Neat potential application!

Worth pointing out AMD is fulfilling the first most obvious listed goal in this article, offloading network processing, with Nanotube, a eBPF XDP -> fpga suite, based around LLVM & Vites-HLS. https://www.phoronix.com/news/AMD-Xilinx-Nanotube-Compiler


Associating the desire of NVMe vendors to allow users to ship down eBPF programs to run on the device and XRP is a major mistake in the article. XRP has nothing to do with what the NVMe vendors want to do, and XRP is a pure kernel solution that doesn't need any participation from NVMe vendors.

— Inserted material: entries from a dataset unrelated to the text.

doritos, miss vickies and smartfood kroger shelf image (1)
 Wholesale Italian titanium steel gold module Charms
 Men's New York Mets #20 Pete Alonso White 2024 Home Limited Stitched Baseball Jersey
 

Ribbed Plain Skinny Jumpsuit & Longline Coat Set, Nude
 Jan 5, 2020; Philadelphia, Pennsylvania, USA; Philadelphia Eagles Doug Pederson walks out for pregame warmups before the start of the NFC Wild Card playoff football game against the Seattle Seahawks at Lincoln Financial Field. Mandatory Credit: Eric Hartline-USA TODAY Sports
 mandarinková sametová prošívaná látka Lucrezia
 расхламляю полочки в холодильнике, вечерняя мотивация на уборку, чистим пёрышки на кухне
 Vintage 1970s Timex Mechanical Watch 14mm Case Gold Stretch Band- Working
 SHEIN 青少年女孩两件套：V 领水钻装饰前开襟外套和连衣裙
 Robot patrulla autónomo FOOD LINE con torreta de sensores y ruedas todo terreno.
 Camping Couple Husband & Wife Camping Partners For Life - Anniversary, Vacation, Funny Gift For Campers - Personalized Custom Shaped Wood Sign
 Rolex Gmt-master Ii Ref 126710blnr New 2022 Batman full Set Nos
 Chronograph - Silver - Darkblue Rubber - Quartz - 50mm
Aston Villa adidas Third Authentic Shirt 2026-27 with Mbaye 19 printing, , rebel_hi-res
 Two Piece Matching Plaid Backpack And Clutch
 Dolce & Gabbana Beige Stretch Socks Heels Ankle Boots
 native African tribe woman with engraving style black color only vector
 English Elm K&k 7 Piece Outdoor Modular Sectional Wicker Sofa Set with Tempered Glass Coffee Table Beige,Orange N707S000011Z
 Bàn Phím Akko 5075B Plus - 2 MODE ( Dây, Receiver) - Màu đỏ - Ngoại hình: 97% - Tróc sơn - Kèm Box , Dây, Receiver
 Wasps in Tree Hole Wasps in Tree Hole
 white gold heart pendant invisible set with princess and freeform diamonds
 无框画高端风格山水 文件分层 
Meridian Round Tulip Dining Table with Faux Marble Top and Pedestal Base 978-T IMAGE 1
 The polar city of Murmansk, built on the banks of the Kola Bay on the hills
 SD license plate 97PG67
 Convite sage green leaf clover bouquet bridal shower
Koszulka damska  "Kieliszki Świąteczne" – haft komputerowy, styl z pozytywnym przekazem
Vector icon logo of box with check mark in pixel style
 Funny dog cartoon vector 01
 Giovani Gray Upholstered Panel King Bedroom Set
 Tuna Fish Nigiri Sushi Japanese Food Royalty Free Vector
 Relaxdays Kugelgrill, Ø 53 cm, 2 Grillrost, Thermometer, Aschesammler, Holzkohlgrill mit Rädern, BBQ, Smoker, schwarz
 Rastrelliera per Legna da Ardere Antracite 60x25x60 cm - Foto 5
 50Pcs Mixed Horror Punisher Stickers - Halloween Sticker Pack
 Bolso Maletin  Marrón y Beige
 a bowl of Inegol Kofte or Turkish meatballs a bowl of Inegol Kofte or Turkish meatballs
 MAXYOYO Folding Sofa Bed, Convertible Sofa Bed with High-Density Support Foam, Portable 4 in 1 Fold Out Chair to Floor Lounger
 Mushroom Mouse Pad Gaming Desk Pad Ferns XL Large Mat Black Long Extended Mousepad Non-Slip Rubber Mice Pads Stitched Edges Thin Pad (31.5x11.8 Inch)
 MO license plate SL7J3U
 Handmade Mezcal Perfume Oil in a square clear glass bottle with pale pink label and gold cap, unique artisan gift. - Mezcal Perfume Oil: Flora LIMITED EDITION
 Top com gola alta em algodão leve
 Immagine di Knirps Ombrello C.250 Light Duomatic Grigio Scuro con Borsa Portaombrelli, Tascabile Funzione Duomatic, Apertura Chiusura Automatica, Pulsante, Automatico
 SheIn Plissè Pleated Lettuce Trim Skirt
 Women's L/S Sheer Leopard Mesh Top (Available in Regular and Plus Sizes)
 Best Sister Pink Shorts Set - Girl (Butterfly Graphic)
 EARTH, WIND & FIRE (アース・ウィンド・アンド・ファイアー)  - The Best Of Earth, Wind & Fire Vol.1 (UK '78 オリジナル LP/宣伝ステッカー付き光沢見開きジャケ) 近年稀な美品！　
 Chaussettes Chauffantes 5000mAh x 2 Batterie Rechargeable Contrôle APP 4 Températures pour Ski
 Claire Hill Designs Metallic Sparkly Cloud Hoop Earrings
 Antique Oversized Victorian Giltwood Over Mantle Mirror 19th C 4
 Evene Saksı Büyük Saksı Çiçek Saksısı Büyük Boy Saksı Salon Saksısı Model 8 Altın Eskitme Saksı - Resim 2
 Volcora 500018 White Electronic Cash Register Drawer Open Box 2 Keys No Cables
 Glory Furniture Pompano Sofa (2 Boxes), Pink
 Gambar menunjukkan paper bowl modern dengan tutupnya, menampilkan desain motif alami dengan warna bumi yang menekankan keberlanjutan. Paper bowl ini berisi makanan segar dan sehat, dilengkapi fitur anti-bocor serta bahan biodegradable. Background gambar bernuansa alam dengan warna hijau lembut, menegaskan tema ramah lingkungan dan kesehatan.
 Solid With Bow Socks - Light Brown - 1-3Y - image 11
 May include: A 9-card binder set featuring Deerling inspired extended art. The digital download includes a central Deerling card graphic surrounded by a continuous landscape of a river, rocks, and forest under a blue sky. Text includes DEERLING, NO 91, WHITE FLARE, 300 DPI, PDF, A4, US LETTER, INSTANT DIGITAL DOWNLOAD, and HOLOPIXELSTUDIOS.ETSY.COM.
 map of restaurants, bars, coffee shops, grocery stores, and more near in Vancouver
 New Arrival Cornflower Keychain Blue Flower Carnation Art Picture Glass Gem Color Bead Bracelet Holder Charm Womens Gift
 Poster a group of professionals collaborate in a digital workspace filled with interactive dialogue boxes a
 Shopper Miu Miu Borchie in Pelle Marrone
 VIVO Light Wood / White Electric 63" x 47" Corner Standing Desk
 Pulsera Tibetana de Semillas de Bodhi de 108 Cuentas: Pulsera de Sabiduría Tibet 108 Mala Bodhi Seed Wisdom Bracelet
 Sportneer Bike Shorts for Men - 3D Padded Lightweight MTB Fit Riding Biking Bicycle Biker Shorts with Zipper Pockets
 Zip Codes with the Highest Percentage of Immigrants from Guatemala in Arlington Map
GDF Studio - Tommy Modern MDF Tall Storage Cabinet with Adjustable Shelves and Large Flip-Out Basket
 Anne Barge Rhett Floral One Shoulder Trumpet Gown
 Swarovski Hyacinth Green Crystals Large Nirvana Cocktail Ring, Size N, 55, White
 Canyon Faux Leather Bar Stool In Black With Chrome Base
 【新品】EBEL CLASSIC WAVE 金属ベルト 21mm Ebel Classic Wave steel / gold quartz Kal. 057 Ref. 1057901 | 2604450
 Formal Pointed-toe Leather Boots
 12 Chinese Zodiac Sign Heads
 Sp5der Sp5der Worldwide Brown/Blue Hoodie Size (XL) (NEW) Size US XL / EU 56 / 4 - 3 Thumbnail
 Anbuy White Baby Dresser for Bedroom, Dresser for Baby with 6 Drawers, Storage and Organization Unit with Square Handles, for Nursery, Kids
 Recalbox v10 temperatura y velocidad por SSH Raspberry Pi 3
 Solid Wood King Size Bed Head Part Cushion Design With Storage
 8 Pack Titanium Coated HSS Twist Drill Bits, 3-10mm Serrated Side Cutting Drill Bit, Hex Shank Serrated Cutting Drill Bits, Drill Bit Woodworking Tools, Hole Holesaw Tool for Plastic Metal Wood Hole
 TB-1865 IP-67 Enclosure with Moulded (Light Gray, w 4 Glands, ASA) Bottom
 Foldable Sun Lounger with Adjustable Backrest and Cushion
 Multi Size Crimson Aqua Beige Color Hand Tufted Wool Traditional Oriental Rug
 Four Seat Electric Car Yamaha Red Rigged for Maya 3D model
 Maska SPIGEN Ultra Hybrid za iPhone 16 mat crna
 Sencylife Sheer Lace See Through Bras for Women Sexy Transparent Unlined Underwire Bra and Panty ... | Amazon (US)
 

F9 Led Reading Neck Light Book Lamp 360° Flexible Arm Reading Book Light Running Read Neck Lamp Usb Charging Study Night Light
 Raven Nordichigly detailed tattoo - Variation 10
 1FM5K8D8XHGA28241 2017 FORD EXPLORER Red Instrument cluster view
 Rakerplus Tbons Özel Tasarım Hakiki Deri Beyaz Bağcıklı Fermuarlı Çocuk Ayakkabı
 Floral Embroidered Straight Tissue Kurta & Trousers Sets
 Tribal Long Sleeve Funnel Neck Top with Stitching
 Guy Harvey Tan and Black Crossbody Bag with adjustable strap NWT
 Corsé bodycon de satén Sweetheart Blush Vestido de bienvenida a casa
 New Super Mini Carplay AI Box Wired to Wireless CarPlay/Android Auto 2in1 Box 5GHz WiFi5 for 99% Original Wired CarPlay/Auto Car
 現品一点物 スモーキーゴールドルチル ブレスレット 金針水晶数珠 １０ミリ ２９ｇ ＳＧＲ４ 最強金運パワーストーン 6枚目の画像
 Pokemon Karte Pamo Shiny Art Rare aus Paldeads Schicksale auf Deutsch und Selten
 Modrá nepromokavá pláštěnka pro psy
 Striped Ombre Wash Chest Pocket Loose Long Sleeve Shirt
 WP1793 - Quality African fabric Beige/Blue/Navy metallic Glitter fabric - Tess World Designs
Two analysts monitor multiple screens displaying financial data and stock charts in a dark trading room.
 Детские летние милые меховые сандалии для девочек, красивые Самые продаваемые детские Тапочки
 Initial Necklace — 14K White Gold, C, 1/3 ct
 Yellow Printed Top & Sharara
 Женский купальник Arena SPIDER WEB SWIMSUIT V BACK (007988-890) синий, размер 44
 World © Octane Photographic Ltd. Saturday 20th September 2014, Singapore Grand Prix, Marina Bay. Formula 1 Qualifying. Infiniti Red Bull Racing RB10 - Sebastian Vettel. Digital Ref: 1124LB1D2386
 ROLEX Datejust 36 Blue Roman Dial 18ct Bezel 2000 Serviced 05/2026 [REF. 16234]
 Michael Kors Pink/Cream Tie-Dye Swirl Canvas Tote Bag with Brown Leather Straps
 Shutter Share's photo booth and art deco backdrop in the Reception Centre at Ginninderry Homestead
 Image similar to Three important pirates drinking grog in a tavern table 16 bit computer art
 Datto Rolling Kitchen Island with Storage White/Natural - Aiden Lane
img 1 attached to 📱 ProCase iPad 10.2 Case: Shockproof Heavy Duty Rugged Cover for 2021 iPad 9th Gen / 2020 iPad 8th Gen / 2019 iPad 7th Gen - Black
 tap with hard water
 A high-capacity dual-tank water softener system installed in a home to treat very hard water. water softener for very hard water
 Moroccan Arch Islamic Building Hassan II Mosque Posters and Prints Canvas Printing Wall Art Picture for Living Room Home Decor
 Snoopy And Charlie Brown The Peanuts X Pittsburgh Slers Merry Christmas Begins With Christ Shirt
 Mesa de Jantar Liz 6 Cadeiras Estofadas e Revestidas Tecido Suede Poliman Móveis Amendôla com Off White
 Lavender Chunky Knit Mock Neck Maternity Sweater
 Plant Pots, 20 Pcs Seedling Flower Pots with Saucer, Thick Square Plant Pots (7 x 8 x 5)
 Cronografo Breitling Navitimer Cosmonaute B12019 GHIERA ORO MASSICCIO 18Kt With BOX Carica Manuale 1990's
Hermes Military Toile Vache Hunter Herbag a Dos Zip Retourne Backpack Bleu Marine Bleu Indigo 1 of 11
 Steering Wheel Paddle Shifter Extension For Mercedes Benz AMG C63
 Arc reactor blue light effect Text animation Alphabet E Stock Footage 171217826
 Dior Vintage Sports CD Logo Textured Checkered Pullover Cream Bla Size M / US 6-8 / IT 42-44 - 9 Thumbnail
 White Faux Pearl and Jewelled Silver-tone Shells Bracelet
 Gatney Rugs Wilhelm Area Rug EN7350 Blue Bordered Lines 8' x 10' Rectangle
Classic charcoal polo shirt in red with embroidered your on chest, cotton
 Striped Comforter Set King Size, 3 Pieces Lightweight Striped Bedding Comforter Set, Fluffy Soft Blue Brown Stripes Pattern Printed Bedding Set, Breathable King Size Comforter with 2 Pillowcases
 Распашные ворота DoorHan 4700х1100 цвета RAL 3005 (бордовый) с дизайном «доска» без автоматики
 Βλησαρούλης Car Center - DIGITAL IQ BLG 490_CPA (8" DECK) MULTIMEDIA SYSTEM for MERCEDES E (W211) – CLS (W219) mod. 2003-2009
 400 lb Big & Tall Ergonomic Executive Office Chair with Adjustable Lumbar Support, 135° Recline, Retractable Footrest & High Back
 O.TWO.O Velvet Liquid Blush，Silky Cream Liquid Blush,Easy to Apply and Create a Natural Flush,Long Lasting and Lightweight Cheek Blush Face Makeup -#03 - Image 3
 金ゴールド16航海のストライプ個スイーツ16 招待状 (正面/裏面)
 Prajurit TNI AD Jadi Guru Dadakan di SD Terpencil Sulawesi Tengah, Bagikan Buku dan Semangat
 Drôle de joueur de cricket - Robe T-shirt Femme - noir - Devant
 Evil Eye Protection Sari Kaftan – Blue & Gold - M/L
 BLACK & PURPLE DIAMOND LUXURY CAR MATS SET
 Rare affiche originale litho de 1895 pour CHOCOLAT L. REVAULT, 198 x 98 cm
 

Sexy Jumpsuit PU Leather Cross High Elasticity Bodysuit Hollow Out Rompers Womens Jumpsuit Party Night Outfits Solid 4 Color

I think it's unclear whether XRP even has real value - it certainly may, but I believe the benchmarking in the paper was deeply flawed[1].

1. https://github.com/xrp-project/BPF-KV/issues/3


I'm not closely tied to what the NVMe vendors want, so you could be right, but I very much doubt you are given that Christoph didn't flag this when he reviewed the article.

Edit: And to be clear, from my understanding of XRP, the device itself calls back into a BPF function in the NVMe driver. That requires some notion of standardization. It's not exactly offloading directly to the storage device, but the storage device still relies on some standardized behavior in the BPF program, such as divide by zero, what instructions are supported in the ISA, etc.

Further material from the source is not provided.